■ WHAT THE TASK REQUIRES
Would you reproduce the data below exactly, please, leaving out its images?

**** DATA EXCERPT ****

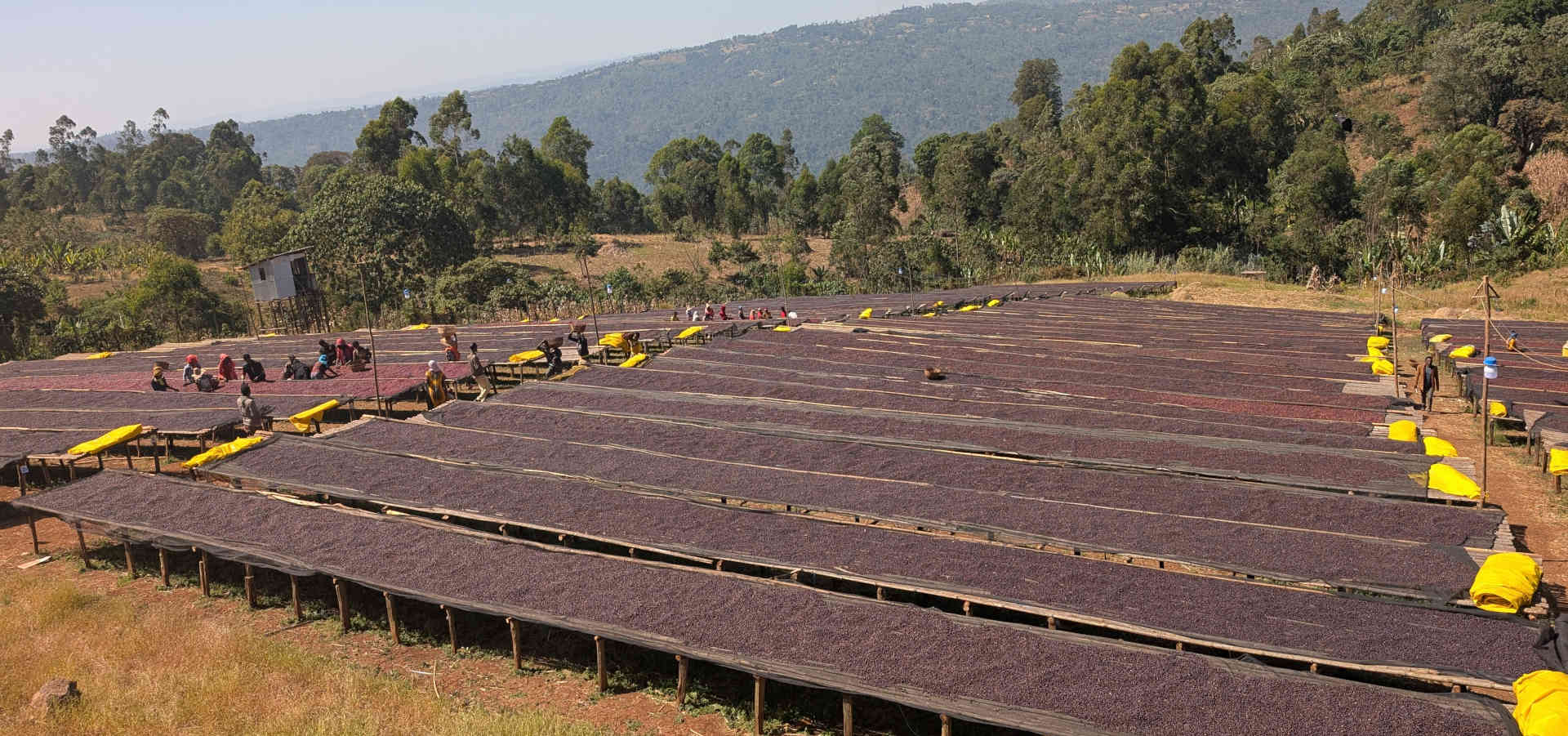 Guji Harvest Report: Floral Notes Outperform Previous Seasons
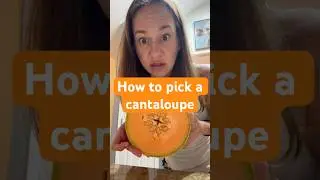 Как выбрать дыню в магазине #любительфруктов #дыня #сборфруктов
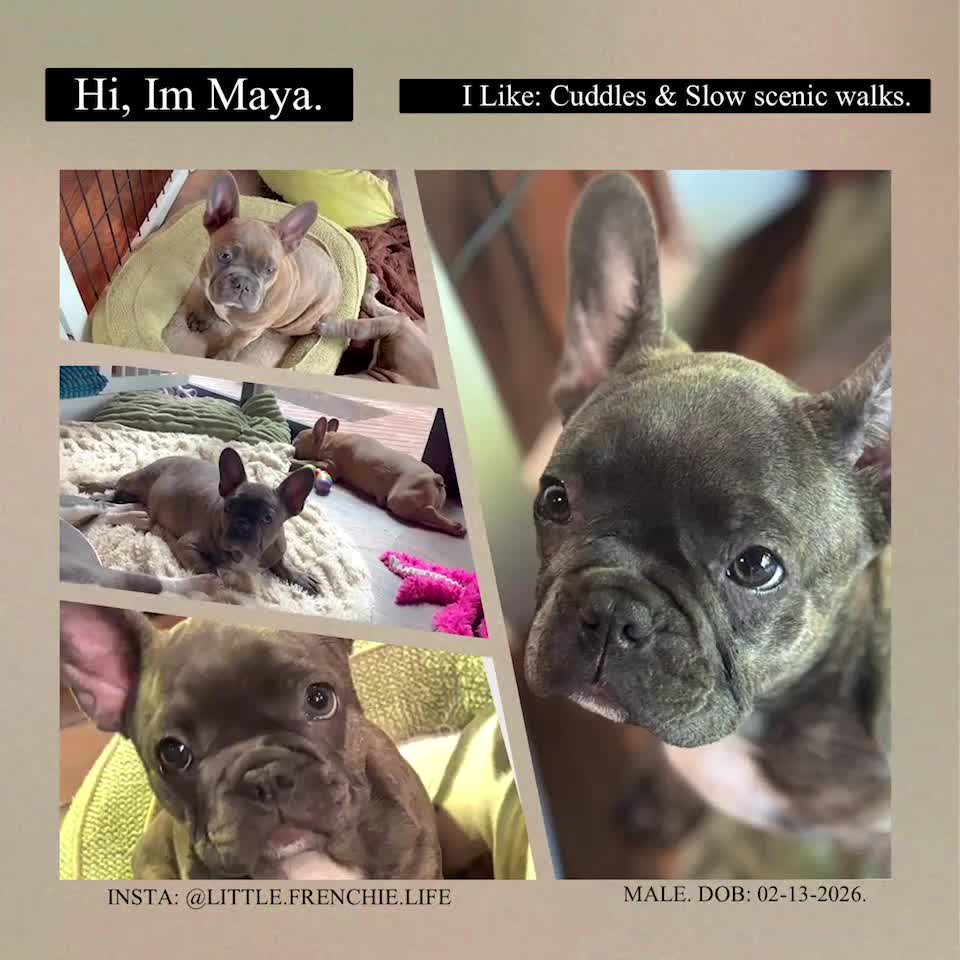 Frenchton dogs for sale: Maya - Video 1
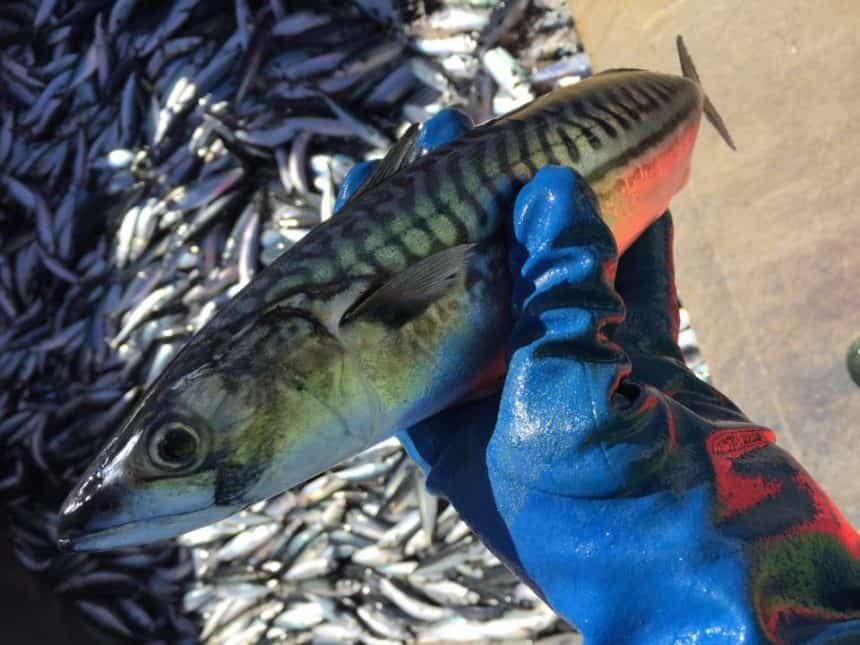 Fishing vessel with catch of mackerel in port, commercial fishing industry scene.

****

■ TASK OUTPUT
 Guji Harvest Report: Floral Notes Outperform Previous Seasons
 Как выбрать дыню в магазине #любительфруктов #дыня #сборфруктов
 Frenchton dogs for sale: Maya - Video 1
 Fishing vessel with catch of mackerel in port, commercial fishing industry scene.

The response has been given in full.